Do I believe the Celtics’ drubbing of the higher-seeded Toronto Raptors in Sunday’s second round opener was indicative of how the rest of the series will go? Not by a long shot.
Do I believe it was a wildly impressive start against a very good basketball team? Absolutely.
Boston got going early and often, particularly from deep. The Green canned six of their nine 3-point attempts in the first quarter alone, building a 16-point lead after 12 minutes. From that time on, you could’ve walked away from your television set and came back at any point in the action — and the Celtics’ lead would’ve been virtually the same.
The closest Toronto got the rest of the way was within nine points early in the second quarter and 13 after the break. Each time it looked like they might make a push, Boston responded with a big shot or quick run.
The result was a 112-94 win for the Celtics and a 1-0 series lead. Basketball is a game of runs, and the Raptors just never quite made theirs on Sunday.
So what can we attribute to this outstanding performance? We can start by focusing on all the great things Boston did.
Efficiency from distance: Though they cooled off from their impeccable start from beyond the arc, the Celtics still shot an efficient 17-for-39 from three for the game. Not too shabby for a team that had just two players among the top 20 in made triples this season (Jayson Tatum, 10th with 189 and Kemba Walker, 14th with 180).
All five starters in double figures: Tatum (21), Marcus Smart (21), Walker (18), Jaylen Brown (17) and Daniel Theis (13) all had impressive showings in the scoring column Sunday. Any time that happens, it’s a pretty good recipe for victory.
Smart breaks slump: OK, so maybe it was less of a slump and more of an inconsistency issue in terms of shooting for Smart. But the spry guard made five of his nine 3-ball attempts and was 6-for-10 overall in Game 1. The best thing Smart does is play defense, so any time he can knock down shots with regularity it’s an added boost. Without Gordon Hayward, Boston will need Smart to chip in offensively more often.
Cleaning the glass: Boston out-rebounded Toronto by 10 (50-40) and consistently held its Eastern Conference foe to one shot per possession.

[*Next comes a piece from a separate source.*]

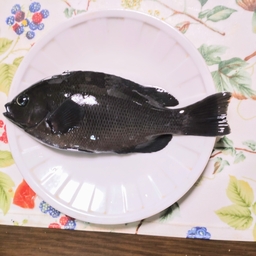 じゅんぺーいの釣果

Solid bench contributions: Boston’s bench was less than stellar in its first round sweep of Philadelphia; but Sunday they came to play. Well, at least two of them. Brad Wanamaker (7 points, 6 rebounds) and Robert Williams (10 points, 5 rebounds, 2 blocks) both played big minutes off the pine and allowed head coach Brad Stevens to confidently turn to them to help protect the lead.

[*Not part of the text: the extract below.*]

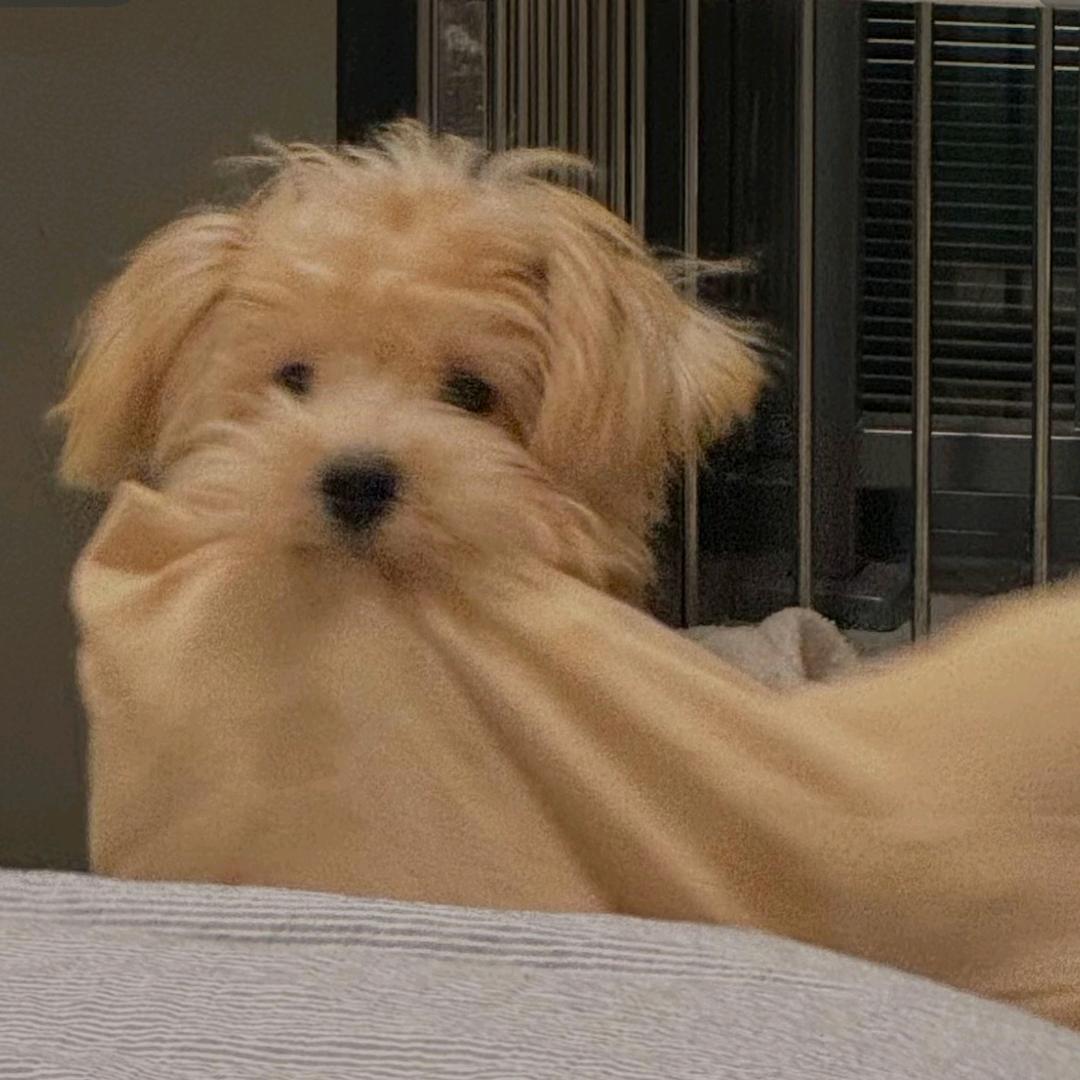 盛满意吖❤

The Celtics played terrific throughout, there’s no doubt about that. But was it their defense that simply locked up Toronto’s best players, or a lack of shot making from the latter?
I’d like to say it was a combination of both, as the Raptors clearly struggled to knock down what were a lot of the time good looks.
Toronto shot an abysmal 31-for-84 (37 percent) from the field and 10-for-40 (25 percent) from three. The 30 missed triples was a playoff-worst for the franchise, and it was their best players that struggled the most. All-star forward Pascal Siakam (13 points) missed all three of his triple attempts, as did starting center Marc Gasol. All-star guard Kyle Lowry was just 1-for-5 from distance, and fellow backcourt mate Fred VanVleet went 2-for-11 from that range.
Did the Celtics do a solid job guarding the Raptors’ top scoring threats? Yes. But I don’t foresee that many missed attempts from such a skilled shooting group moving forward.
Boston’s Game 1 win was everything fans could’ve hoped for. But considering the talent and depth gracing the Raptors roster, I fully expect more competitive outings moving forward.